Décret adopté en février, la communication des orientations générales prévues pour juin, l’engagement du chercheur seulement en cours, maintenu ? La concertation sur le scolaire, l’enfance, l’audiovisuel avancent. La Ministre explique l’adoption tardive des arrêtés qui fragilisent la trésorerie des associations.

Extrait du compte-rendu de la séance plénière PFB du 22 avril 2016

La mise en œuvre du décret relatif à la promotion de la santé de Mme Zoé Genot à Mme Cécile Jodogne, ministre en charge de la Santé

Mme la présidente.- La parole est à Mme Genot.

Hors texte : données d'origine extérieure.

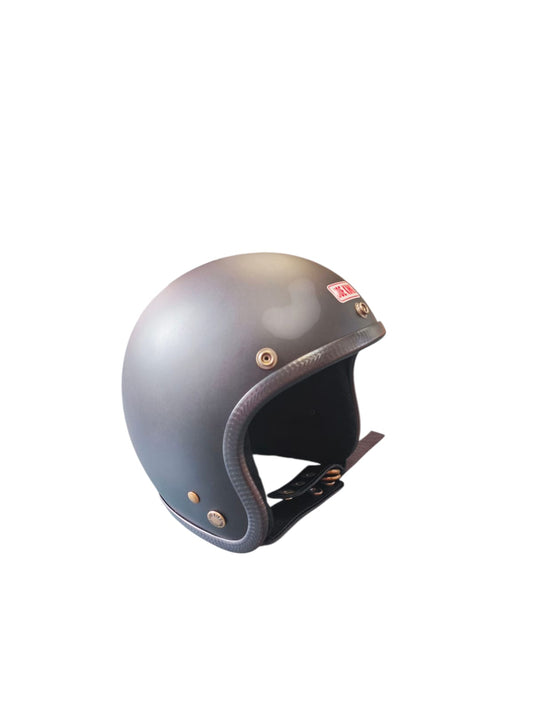 Joe King Helmet - Matte Black / Black XXL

Mme Zoé Genot (Ecolo).- Le 5 février dernier, notre Assemblée adoptait le décret relatif à la promotion de la santé.

Lors des débats y afférents, vous indiquiez : « Pour ce qui concerne le planning des travaux, l’année 2016 sera une année de travail important. L’objectif est que les associations puissent être prévenues des orientations générales au mois de juin 2016 et que le dispositif puisse être opérationnel au 1er janvier 2017 ».

Le mois de juin approchant, je souhaite donc faire le point avec vous sur les actions qui ont été engagées afin de déterminer les orientations générales du dispositif : où en est l’élaboration du plan de promotion de la santé, qui devait débuter au printemps ? Des consultations ont-elles commencé dans cette perspective ? Qu’en est-il, par ailleurs, des différents outils prévus par le décret : la nouvelle section du Conseil consultatif bruxellois francophone de l’aide aux personnes et de la santé, le renforcement de l’administration, la création de l’instance de pilotage ?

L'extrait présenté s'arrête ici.